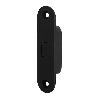 CERRADERO TOUCH PUERTA MADERA GRIS R7036, BLANCO MATE, NEGRO MATE ACABADO NEGRO MATE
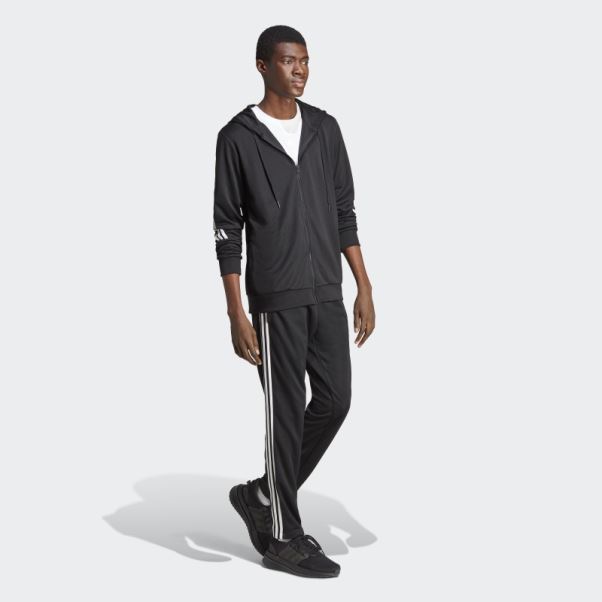Adidas Survêtement 3 Bandes Noir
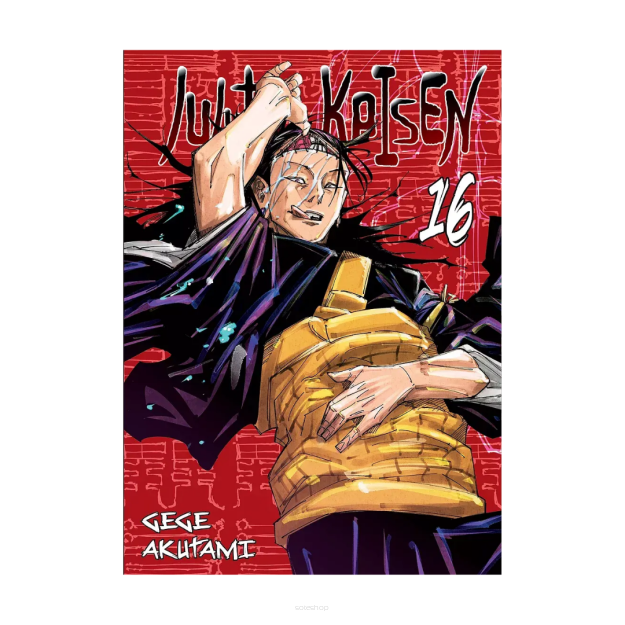 Jujutsu Kaisen, tom 16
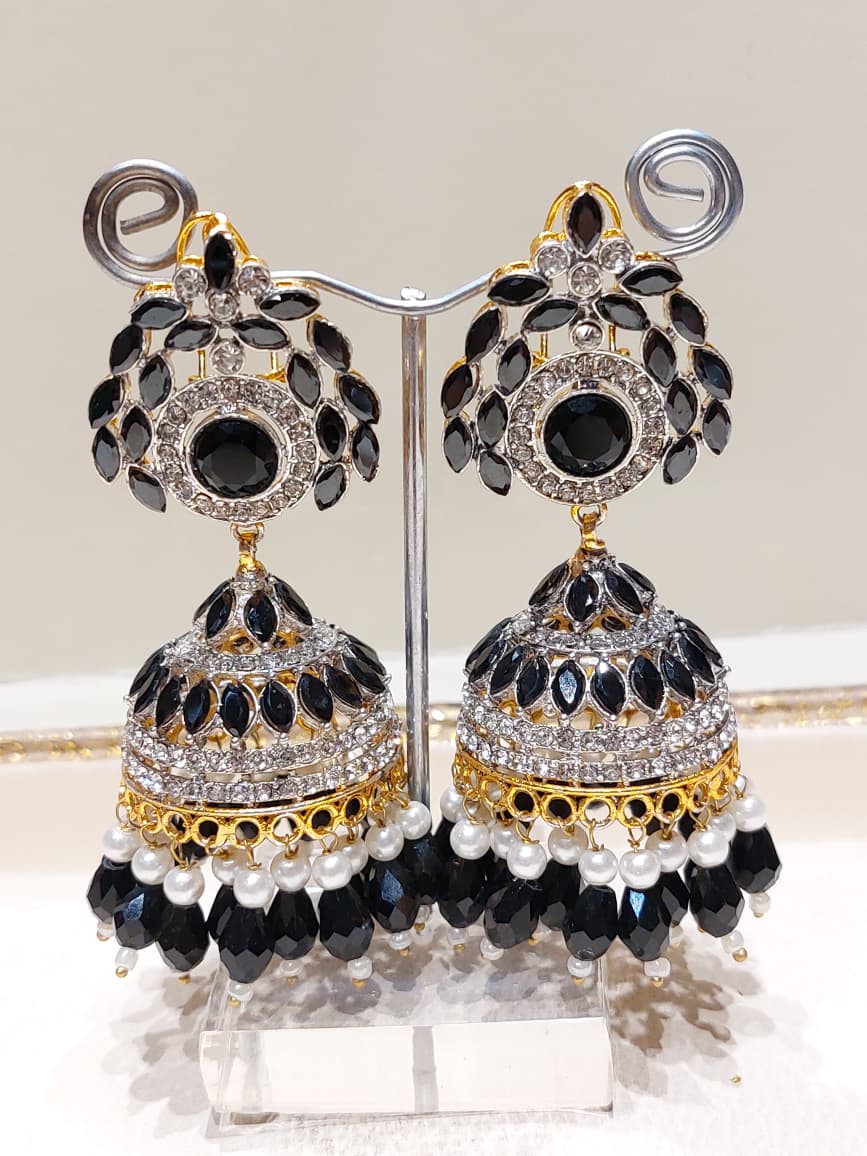 Earrings jhumkas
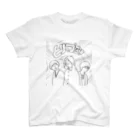 UNKNOWN RECORDのとりっプす! Regular Fit T-Shirt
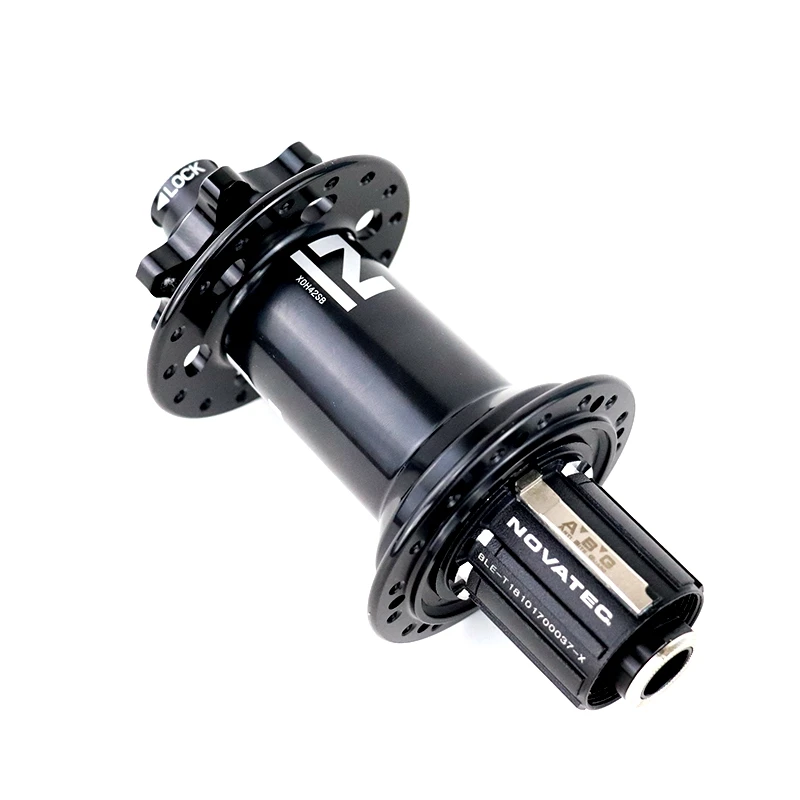 Горный велосипед Novatec XDH42SB 32H Mtb DH горный сквозная ось 12 мм Задняя Ступица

## What is being asked
Set down the line containing "Adidas Survêtement 3 Bandes Noir" and every line after it up to the end of the material, exactly as written, but not the pictures.

## Your solution
Adidas Survêtement 3 Bandes Noir
 Jujutsu Kaisen, tom 16
 Earrings jhumkas
 UNKNOWN RECORDのとりっプす! Regular Fit T-Shirt
 Горный велосипед Novatec XDH42SB 32H Mtb DH горный сквозная ось 12 мм Задняя Ступица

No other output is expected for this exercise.